Refinery gross inputs in the Midwest have been higher than the 5-year range since late April, as shown by EIA’s This Week in Petroleum. Typically Midwest drivers use more motor gasoline in the summer, and some of that has come from the Gulf Coast.
However, because of the recent and planned changes to pipeline infrastructure, both the type of products in the pipelines and direction of flow have been altered and less gasoline is expected to enter the Midwest from the Gulf Coast this summer. These changes increase the incentive for Midwest refiners to boost their own gasoline production.
The Midwest’s record-high runs of 3.8 million b/d for the week ending July 11 pushed the region’s refinery utilization to 100.3%, the first time any of the Petroleum Administration for Defense Districts (PADD) has exceeded 100% since EIA began publishing weekly PADD-level utilization in June 2010. But this number says as much about the metric used as the feat itself.
“Refinery utilization is calculated based on calendar-day atmospheric crude distillation unit (ACDU) capacity, which takes into account usual operating conditions, including both planned and unplanned outages. Under ideal conditions, when outages are low, refiners can produce at levels above their calendar-day ACDU capacity,” EIA explained.

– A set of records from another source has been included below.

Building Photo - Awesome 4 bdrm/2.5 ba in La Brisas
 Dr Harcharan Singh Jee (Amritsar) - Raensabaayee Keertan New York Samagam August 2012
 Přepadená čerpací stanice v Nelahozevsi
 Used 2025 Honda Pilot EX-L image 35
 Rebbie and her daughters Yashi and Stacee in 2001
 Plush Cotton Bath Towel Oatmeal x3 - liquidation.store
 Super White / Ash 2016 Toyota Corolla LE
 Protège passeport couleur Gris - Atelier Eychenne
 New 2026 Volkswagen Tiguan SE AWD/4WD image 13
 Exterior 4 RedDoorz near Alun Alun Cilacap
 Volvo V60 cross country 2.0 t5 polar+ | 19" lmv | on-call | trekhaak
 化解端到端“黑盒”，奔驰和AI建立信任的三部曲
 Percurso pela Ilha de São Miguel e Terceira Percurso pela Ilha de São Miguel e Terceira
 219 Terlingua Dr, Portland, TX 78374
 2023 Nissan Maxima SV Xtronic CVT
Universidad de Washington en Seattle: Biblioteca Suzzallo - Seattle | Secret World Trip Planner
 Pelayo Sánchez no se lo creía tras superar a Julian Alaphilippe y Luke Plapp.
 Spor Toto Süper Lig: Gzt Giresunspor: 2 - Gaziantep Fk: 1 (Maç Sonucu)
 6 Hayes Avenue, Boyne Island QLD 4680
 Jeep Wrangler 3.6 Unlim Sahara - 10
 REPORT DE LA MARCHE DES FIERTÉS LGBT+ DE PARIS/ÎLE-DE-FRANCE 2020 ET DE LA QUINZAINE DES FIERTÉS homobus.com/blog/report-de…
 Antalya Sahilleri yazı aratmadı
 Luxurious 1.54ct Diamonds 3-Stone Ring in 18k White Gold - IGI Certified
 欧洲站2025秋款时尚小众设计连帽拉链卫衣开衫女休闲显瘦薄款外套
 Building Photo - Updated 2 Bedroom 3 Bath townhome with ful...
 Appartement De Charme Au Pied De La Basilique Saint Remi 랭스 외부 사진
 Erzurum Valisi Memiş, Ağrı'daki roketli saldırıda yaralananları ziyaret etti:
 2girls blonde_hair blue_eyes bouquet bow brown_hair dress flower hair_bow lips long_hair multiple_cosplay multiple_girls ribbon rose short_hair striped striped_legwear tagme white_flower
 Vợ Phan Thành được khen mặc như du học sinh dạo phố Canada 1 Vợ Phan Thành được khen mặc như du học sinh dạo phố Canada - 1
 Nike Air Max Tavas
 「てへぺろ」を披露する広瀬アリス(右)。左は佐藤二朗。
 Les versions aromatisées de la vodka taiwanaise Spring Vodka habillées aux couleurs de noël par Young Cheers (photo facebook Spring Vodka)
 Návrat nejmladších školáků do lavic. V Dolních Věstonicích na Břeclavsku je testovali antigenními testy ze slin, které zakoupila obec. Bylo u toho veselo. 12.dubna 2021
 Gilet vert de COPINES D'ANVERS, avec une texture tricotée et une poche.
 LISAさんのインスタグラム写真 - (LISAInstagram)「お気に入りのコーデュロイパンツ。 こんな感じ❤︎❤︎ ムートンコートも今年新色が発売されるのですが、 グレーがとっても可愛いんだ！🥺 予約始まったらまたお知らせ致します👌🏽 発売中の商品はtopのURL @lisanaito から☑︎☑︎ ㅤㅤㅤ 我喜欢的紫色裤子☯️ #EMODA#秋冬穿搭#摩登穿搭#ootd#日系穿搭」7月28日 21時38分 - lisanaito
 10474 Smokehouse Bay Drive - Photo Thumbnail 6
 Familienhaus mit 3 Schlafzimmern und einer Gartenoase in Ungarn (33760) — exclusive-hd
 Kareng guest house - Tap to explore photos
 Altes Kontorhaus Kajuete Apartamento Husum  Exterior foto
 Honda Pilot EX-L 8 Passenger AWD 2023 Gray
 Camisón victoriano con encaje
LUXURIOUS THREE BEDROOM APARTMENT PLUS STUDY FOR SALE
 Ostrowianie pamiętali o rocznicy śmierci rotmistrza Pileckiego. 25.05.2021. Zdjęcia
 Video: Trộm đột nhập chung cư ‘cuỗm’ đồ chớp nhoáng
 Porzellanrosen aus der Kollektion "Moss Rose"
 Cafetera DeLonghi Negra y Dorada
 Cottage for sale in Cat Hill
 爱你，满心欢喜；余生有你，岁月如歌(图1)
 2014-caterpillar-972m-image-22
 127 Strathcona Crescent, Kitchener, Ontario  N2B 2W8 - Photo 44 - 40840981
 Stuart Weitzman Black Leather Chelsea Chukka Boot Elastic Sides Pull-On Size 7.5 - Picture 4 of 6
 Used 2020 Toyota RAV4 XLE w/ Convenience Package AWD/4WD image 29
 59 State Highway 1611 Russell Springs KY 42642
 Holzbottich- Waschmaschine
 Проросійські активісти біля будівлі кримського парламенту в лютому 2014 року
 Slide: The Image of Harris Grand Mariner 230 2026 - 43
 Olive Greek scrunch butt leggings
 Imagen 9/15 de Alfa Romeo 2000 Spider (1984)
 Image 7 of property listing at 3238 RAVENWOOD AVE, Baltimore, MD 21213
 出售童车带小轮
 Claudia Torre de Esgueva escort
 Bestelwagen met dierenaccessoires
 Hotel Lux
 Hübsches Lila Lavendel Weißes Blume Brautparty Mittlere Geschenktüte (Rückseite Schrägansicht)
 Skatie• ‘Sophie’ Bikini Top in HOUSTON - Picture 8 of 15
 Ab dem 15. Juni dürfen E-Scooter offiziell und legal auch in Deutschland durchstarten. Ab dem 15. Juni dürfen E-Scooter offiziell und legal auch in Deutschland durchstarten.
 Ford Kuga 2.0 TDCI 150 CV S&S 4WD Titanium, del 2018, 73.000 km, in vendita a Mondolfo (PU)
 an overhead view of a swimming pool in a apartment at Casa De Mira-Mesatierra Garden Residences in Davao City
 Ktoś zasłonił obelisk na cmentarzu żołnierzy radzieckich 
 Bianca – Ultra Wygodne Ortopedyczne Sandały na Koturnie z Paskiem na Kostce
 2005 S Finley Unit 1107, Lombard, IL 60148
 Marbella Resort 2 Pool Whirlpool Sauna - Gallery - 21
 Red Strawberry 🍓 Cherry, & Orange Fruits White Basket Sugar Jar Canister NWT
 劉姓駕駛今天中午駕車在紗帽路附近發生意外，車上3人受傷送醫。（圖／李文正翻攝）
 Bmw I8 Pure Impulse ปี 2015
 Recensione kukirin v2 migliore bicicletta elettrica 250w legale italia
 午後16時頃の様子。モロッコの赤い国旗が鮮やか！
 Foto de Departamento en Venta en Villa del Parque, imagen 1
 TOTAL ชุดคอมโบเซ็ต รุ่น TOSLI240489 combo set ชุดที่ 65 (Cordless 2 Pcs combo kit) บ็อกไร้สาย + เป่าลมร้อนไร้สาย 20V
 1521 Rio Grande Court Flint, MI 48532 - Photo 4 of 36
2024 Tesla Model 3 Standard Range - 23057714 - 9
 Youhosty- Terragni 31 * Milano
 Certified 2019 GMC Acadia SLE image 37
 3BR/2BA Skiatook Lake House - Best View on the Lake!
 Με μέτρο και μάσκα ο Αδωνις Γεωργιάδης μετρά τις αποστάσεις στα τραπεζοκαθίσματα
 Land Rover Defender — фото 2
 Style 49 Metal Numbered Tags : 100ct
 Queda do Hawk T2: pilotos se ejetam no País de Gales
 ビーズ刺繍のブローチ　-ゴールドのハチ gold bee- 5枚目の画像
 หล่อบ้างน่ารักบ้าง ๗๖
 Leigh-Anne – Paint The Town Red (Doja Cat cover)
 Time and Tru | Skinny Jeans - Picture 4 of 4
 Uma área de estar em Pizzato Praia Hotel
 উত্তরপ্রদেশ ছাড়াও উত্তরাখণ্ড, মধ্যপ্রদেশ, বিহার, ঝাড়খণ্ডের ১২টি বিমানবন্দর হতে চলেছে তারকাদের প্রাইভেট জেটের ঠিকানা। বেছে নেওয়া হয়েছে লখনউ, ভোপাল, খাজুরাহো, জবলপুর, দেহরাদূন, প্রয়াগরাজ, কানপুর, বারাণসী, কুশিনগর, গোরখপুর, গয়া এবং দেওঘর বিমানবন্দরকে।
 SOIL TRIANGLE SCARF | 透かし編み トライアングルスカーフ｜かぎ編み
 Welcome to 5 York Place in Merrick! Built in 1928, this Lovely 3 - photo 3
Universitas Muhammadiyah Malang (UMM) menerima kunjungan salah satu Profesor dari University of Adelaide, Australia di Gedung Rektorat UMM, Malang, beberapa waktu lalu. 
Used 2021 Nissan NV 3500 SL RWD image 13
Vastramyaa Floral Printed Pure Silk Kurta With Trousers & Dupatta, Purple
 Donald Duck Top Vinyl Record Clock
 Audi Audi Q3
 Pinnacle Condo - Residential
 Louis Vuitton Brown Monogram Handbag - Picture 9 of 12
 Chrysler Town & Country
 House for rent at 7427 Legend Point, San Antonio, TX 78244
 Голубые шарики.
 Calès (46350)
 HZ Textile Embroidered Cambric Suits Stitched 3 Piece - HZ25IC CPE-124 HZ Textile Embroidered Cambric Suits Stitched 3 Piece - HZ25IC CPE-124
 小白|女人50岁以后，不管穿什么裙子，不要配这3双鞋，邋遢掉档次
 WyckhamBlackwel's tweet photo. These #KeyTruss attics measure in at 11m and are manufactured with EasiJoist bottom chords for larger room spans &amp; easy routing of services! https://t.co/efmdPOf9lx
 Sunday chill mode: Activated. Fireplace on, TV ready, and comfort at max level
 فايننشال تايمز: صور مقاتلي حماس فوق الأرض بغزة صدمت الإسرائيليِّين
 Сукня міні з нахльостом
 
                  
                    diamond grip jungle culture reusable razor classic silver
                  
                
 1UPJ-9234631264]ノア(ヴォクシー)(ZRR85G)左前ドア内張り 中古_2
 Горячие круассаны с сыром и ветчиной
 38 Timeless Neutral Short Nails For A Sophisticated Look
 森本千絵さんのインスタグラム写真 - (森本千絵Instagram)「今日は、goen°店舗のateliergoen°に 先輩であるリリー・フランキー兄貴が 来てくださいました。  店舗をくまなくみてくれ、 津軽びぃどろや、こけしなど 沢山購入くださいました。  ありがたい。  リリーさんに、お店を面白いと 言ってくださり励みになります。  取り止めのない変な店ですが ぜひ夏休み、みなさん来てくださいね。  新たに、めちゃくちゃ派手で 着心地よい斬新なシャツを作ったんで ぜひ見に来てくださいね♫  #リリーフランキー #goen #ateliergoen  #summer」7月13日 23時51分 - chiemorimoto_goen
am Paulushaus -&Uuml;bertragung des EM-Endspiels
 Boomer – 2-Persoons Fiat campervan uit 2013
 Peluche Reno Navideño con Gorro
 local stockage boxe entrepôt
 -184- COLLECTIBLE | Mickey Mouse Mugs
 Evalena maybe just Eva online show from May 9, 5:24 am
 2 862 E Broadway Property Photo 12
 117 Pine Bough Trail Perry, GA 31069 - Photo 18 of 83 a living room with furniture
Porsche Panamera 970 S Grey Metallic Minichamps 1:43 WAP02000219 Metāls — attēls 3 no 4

Gulf Coast gross inputs rose to 8.5 million b/d for the week ended June 27 and reached 8.7 million b/d for each of the following 2 weeks, reflecting realization of long-anticipated capacity expansions. The Gulf Coast’s competitive advantage, which is based on upgrading capacity of refineries, relatively lower costs of inputs and fuel, and access to growing markets, keeps utilization rates high.